# How to record vinyl disks on the Mac to play these in iTunes ?



## chevy (May 31, 2003)

How to record vinyl disks on the Mac to play these in iTunes ?

Do you know any good software to do that ?


----------



## Darkshadow (May 31, 2003)

Hmm...you need some good equipment to make a good recording from vinyl.

Here's a pretty good article on it: http://www.atpm.com/9.05/under-the-hood.shtml

Note that the link goes to part 3 of the article.  It has links to the first and second parts at the beginning of it, though.  (easier to navigate that way, the earlier articles don't have links to the older ones.)


----------



## chelsea98 (Jun 4, 2003)

you need an adapter.a good one to use is by griffin called the "imic",about $35-50.then there's an app called "sound studio" which will record it,although i think you may also be able to use "audio hijack" from www.rogueameoba.com


----------



## Natobasso (Jun 4, 2003)

Here's what I do (see chelsea98's anwer above.) 

I have a record player. Connect that to the Griffin iMic via 2 RCA -- 1/4" stereo cable (you will need the headphone sized adaptor, female to male to plug the stereo cable into the iMic) and then use software that records such as ProTools by digidesign or SoundEdit16 by Macromedia.
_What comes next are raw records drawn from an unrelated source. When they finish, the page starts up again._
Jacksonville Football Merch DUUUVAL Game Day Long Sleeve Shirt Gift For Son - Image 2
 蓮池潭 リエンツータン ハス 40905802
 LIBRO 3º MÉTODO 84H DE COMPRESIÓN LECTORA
Once you get the connection going and make a recording, save it as a .wav file (44Hz) so you can create an mp3 later. Make sure you copy the track you record because you need 2 tracks for a stereo recording. Then save that .wav file and rip it as an mp3 (BladeMP3 encoder, the swedish version, is quite good for this) and then burn that file to a disk. 

Cheers!


----------